Excerpted data.
:::::
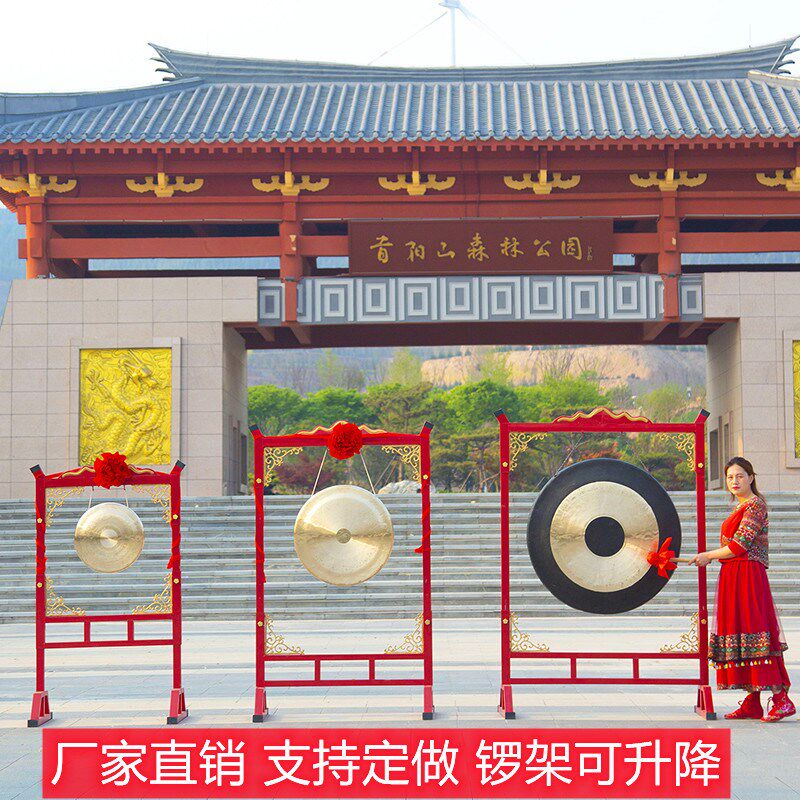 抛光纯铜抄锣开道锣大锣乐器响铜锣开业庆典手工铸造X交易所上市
:::::
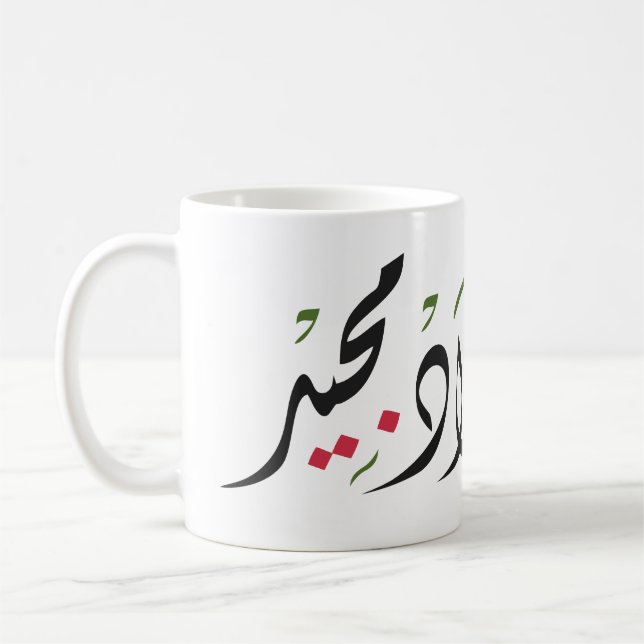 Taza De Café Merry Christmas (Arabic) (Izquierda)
:::::
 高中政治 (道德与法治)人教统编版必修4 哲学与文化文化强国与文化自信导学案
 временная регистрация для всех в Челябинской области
:::::
The lines above from the one with "高中政治 (道德与法治)人教统编版必修4 哲学与文化文化强国与文化自信导学案" through the one with "временная регистрация для" are to be duplicated exactly, ends included, with nothing added.

 高中政治 (道德与法治)人教统编版必修4 哲学与文化文化强国与文化自信导学案
 временная регистрация для всех в Челябинской области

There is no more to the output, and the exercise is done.